最初に試しに描いたスケッチ(Portalシリーズのチェルの10分ほどの落書き)は、ほぼ線のままインポートできました。ただし、最後に少し顔のディテールを少し加えただけです。他の多くのデジタル描画ツールと同様に、Inklingは絵が大きいほど効果を発揮します。1インチや2インチのスケールで顔を描くよりも、8インチのスケールで描く方が、線の繊細さをより多く捉えられるからです。

Inklingは赤外線技術で動作するため、視線やキャンバスの調整に問題が生じることがあります。理論上は、レシーバーを紙にクリップすると、ペン先のケージが視界に入るのを待ちます。ペン先を紙に押し当てて最初の線を引くと、レシーバーはそれを捉え、仮想キャンバス(Sketch Managerアプリで設定したサイズ、またはデフォルトではA4サイズ)にストロークを配置します。
ただし、レシーバーを塞いだり、ペン先を覆ったり、センサーに近づきすぎたり(2mm以内)すると、Inklingは線を記録できません。さらに、レシーバーを揺らすと、仮想キャンバス領域が再定義されます。2回目のスケッチ中に、レシーバーを誤って手でぶつけてしまいました。レシーバーは元の位置から動いていないように見えましたが、線が半分ずつ仮想ページの片側に、もう半分が反対側に描かれたスケッチがインポートされてしまいました。

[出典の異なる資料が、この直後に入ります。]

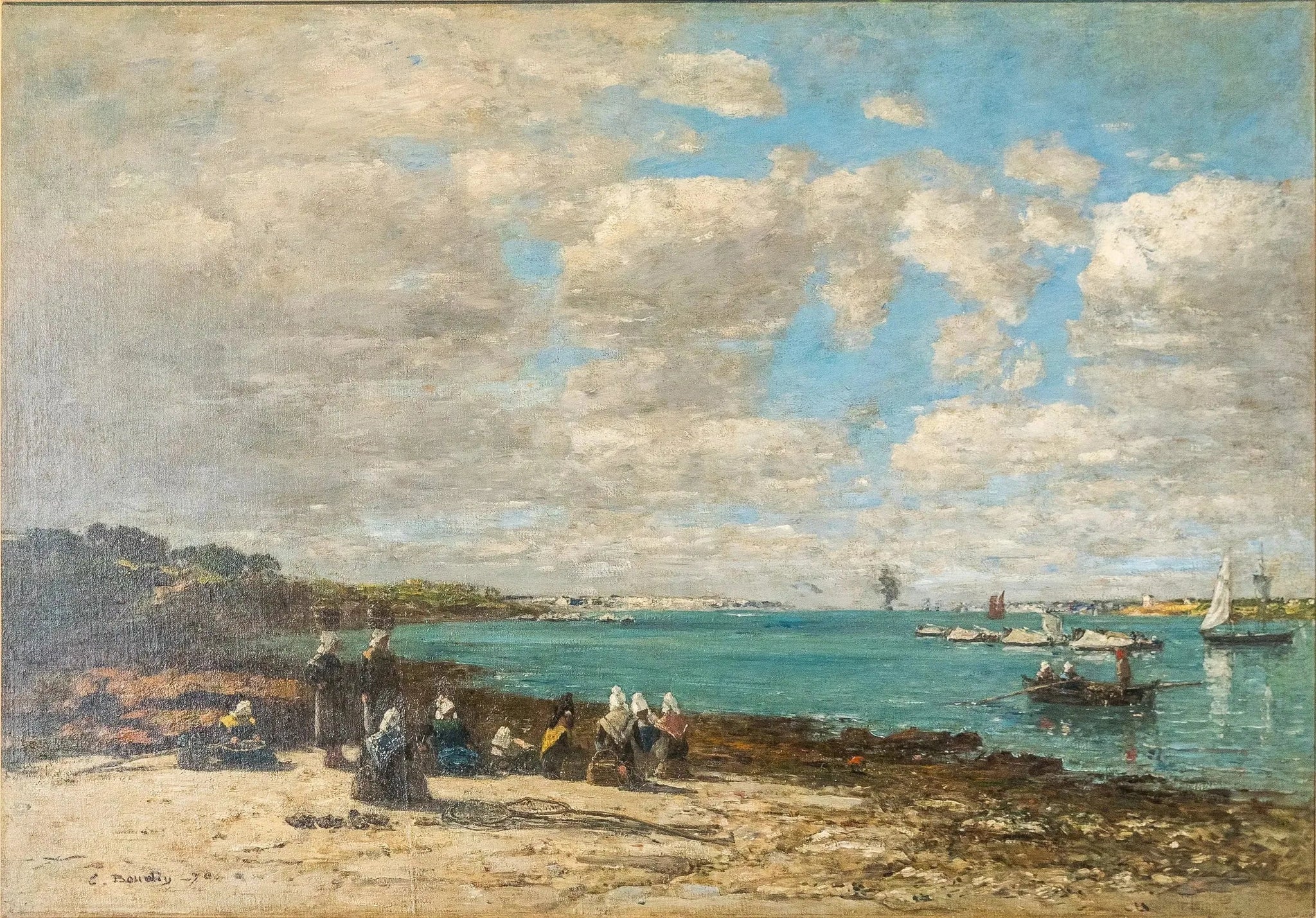 Kerhuon - les pêcheuses - Eugène Boudin image 1 reproduction de peinture à l’huile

私が遭遇したもう一つの物理的な問題は、ワコムの便利な機能として追加されたものの、配置が完璧とは言えない「レイヤー」ボタンでした。コンピューターでは、Sketch Managerアプリから描画をエクスポートする前に、線からタイムラプスレイヤーを作成するオプションがあります。これにより、配置がずれた線や特定の特徴をメインの描画から切り離すことができます。

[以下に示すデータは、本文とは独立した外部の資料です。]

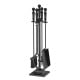 5-piece fireplace tool set with aluminum handles, including poker, tongs, shovel, and brush for indoor and outdoor use.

描画中にレイヤーボタンを押すことで、同じ操作ができるようになりました。このボタンはレシーバーの右側にあります。そして、予想通り、ボタンを押すとレシーバーがわずかに動き、仮想キャンバスがずれてしまいます。このボタンをペン本体に追加する方法があればもっと良かったでしょう。レシーバーとの干渉が少ないほど良いのです。

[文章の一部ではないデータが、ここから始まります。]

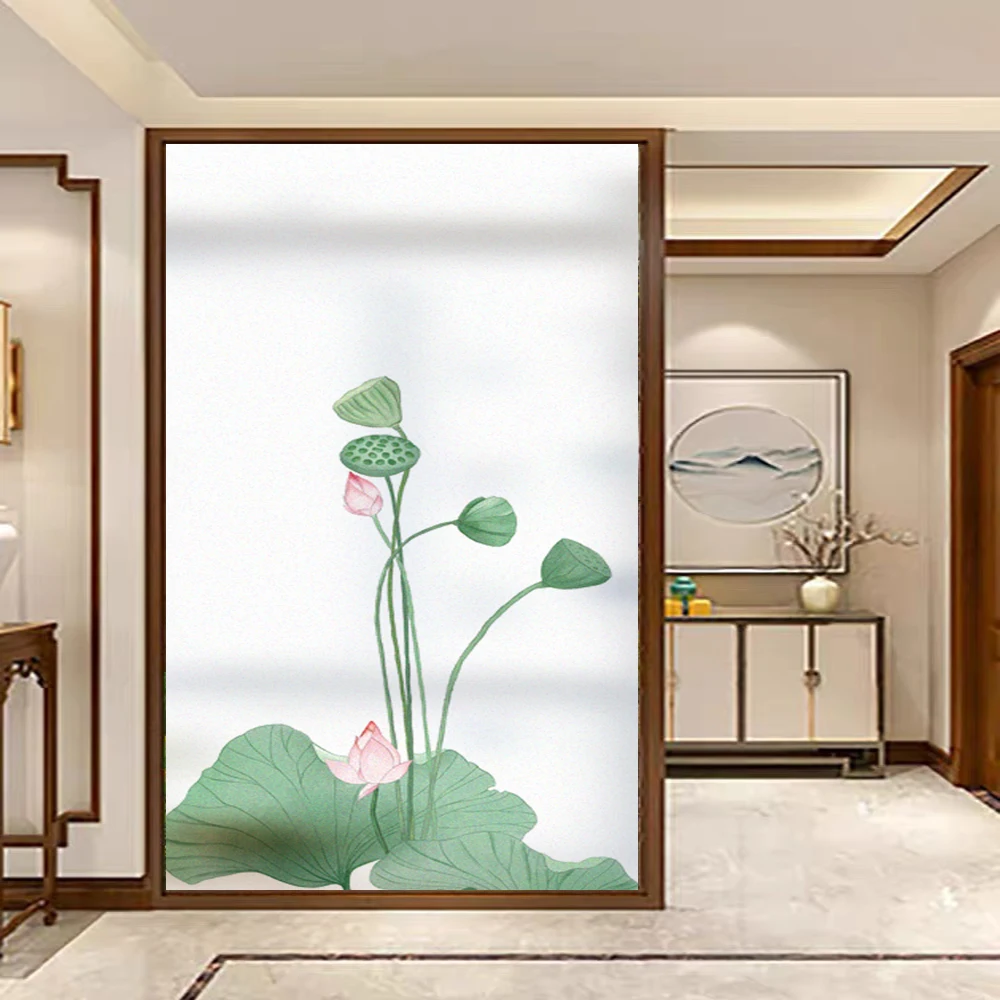 Privacy Glass Window Frosted Decoration Film Lotus Pattern Sun Blocking Anti UV Non-glue Static Cling Stained Glass Door Sticker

しかし、これらの小さな癖に気づいてからは、簡単に回避できるようになりました。指がレシーバーの邪魔になった場合は、ページの別の側に簡単に移動できます。また、ソフトウェアでレイヤーを追加できるので、描画中にレイヤーを追加することについて心配することはほとんどありません。
レシーバーは物理的な衝撃に弱いのですが、キャンバスにしっかりと固定されている限り、(例えば膝の上など)斜めに描いたり、細かい部分を描くためにページを回転させたりしても問題ありませんでした。確かに慣れるまで少し時間はかかりますが、ワコムのタブレットやiPadで初めて絵を描いた時に比べると、慣れるまでの時間はずっと短かったです。
出力は本当に素晴らしいです。このペンは書き心地はそれほど良くありませんが(Inklingのレシーバーが細かい部分を正確に認識しないという以前のコメントを参照)、最初のスケッチの下書きには素晴らしいツールです。Illustratorなどのベクタープログラムで作業する場合、最初のスケッチを洗練された絵に仕上げるのは驚くほど簡単です。
ソフトウェアの問題
しかし、このペンへの称賛は、連携するソフトウェアの使い勝手の悪さによって薄れてしまいました。ワコムのSketch Managerは技術的には素晴らしい機能をいくつか備えています。例えば、描いた絵を線ごとにレイヤーに分割したり、スケッチのタイムラプス動画を視聴したり、他のプログラムにエクスポートしたりできます。しかし、そのやり方は技術的に極めて難解で、分かりにくく、直感に反するものでした。何度も諦めそうになりました。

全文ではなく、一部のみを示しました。